# Neighbor break's into house to beat German Shepherd



## Linzi (Mar 23, 2010)

What a horrible person,i know what i would like to do with that rake.
Mission Viejo man arrested on charges of beating neighbor's dog with a rake | L.A. NOW | Los Angeles Times
Linzi


----------



## vat (Jul 23, 2010)

OMG! I hope they throw the book at him, what an arse! Geeze why not just call the cops. I know what I would do if someone beat my dogs


----------



## 48496 (Sep 1, 2010)

OMG!!!! Permanent damage to this beautiful animal!!!! Oh wow, I don't know what I would do if someone beat my precious dog.


----------



## Linzi (Mar 23, 2010)

I dont know how she can ever feel safe in her own home again.What would the police have done if she had bitten him ?.
Linzi


----------



## Syaoransbear (Sep 25, 2008)

That is horrifying, and that neighbor is clearly imbalanced.
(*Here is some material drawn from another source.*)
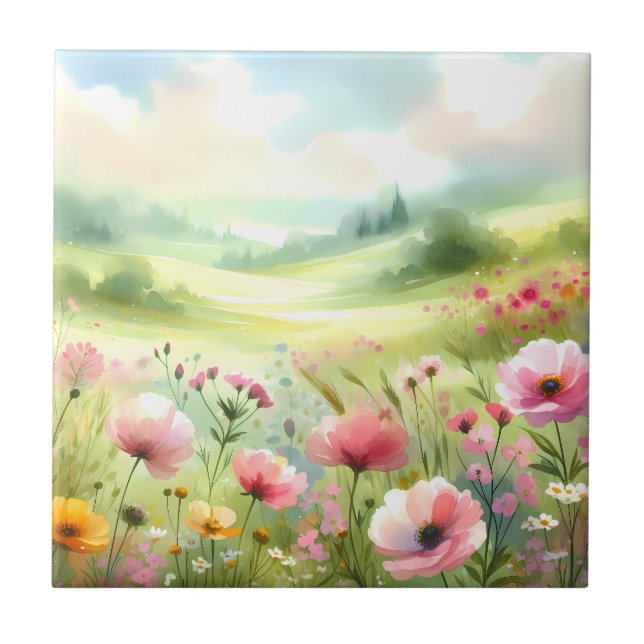 Pastell Landskap av Vildblommoräng Kakelplatta (Framsidan)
He didn't even tell the neighbor the dog was barking, he just went in there and attempted to beat it to death.


----------



## selzer (May 7, 2005)

I hope he gets the whole six years and eight months. I hope while he is in there, someone shoves a shiv in him. I hope he loses an eye. 

What a complete zero.


----------



## Zisso (Mar 20, 2009)

How sad for such a beautiful girl to be hurt so badly when it could have been handled in so many better ways. 

Some college kids moved into a new house right behind me and of course college kids party hardy. One morning another neighbor heard the hung over students yelling that they were going to kill the barking dogs. She was not sure if my dogs were barking at the time or not but I do try to be mindful of their behavior, especially since I rent. I would be devastated if any one did any thing to my babies.


----------



## jagsir (Oct 19, 2010)

now im scared. my neighbor keeps harassing me about my dog barking when he never is. oh no

ps he's a cop and works with a german shepherd.


----------



## KZoppa (Aug 14, 2010)

i know if someone beat my dogs, they'd better be afraid for themselves if i ever caught them. I hope this b*****d gets the full sentence. There is absolutely NO reason for that kind of behavior.


----------



## patti (Apr 7, 2010)

That man must have been on drugs if he wasn't too afraid to come in a GSD's home and come at him with a rake. I'm surprised the man had no injuries!


----------



## Baersmama (Jun 15, 2010)

He needs to be beaten with a rake. I would be willing to take a couple whacks at him.... anyone want to get in line with me??


----------



## Hunther's Dad (Mar 13, 2010)

Rope. Tree. Dog-beating burglar.

Some assembly required.


----------



## DharmasMom (Jul 4, 2010)

I. Would. Kill. Him. Period, end of story. My neighbor's dog barks at ungodly hours and I have never, not once, thought of harming the dog. The neighbor who lets the dog out at midnight OTOH...

I really hope he kids a big cell mate named Sugar who can teach him what it is like to be at the mercy of someone bigger than him.


----------



## CaliBoy (Jun 22, 2010)

DharmasMom said:


> I really hope he kids a big cell mate named Sugar who can teach him what it is like to be at the mercy of someone bigger than him.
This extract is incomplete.